### What is required
Print the listing exactly as it stands. Skip every picture.

### Working data
--*--

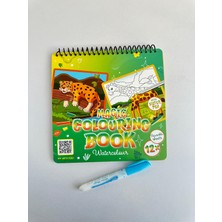 KuNu Box Sihirli Su Boyama Resim Defteri | Su Kalemi ile Boyanır – Unicorn / Deniz Kızı / Hayvanlar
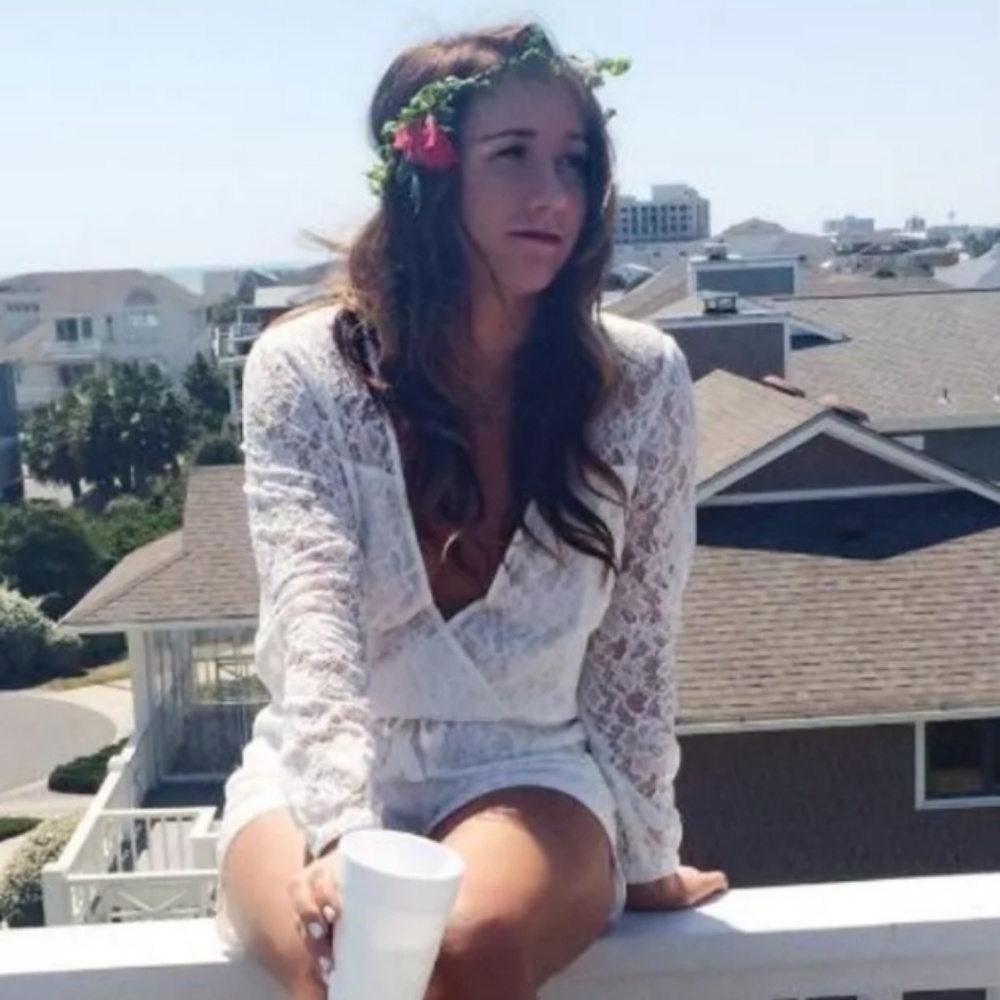 Style stalker lace romper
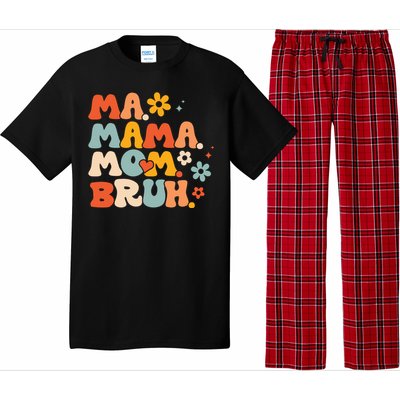 Ma Mama Mom Bruh Vintage Retro Pajama Set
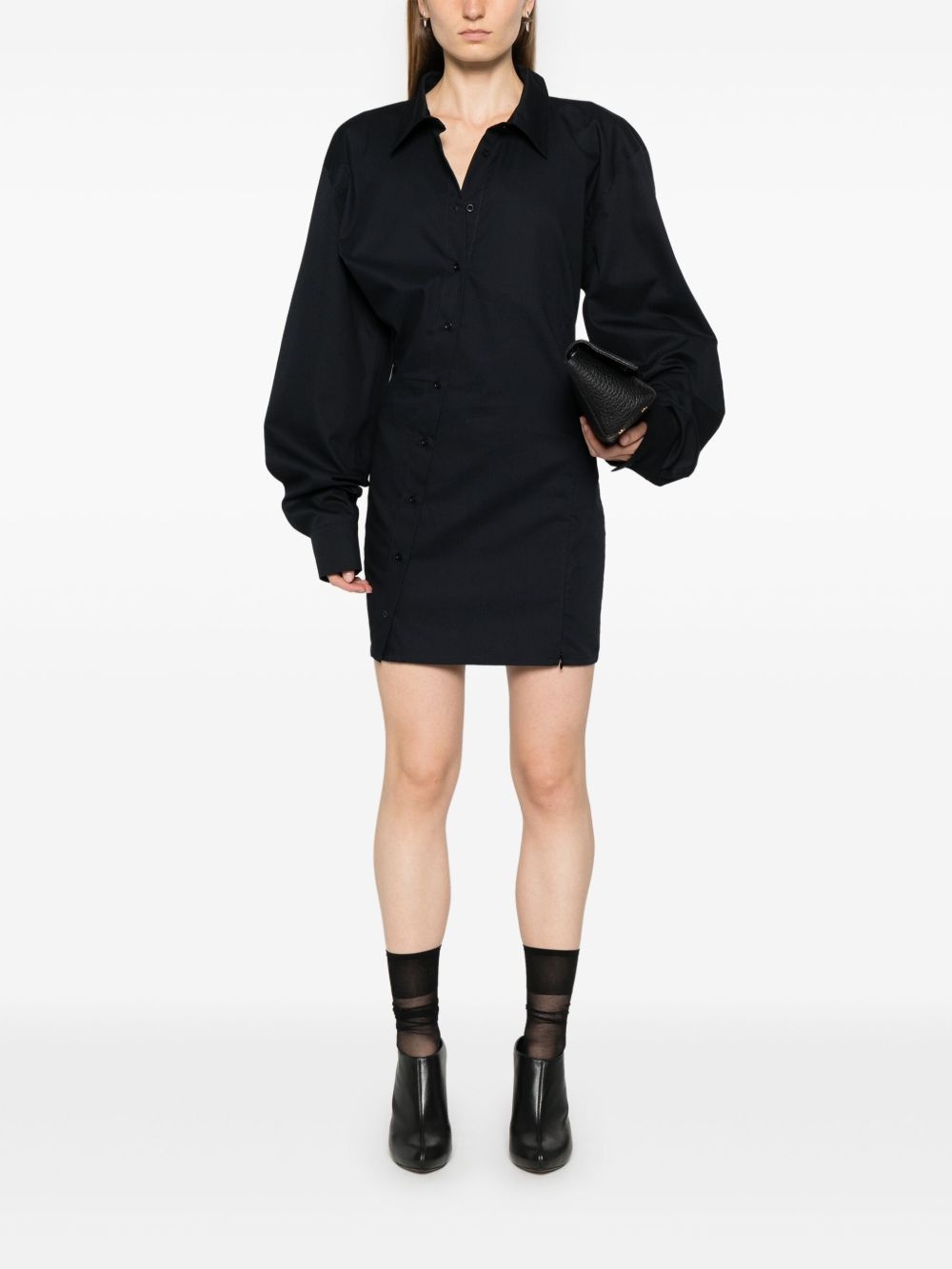asymmetric mini dress - 2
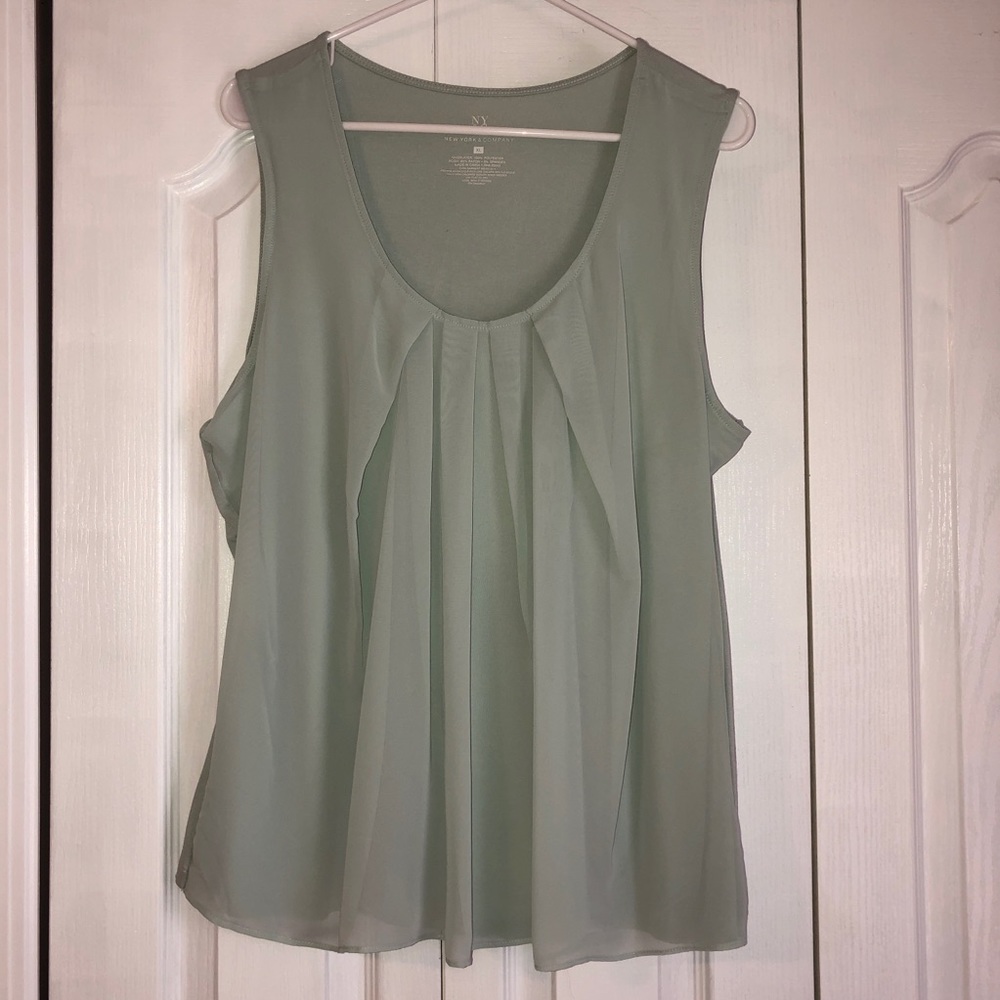 NY&COMPANY Paneled Blouse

--*--

### Result for this task
 KuNu Box Sihirli Su Boyama Resim Defteri | Su Kalemi ile Boyanır – Unicorn / Deniz Kızı / Hayvanlar
 Style stalker lace romper
 Ma Mama Mom Bruh Vintage Retro Pajama Set
asymmetric mini dress - 2
 NY&COMPANY Paneled Blouse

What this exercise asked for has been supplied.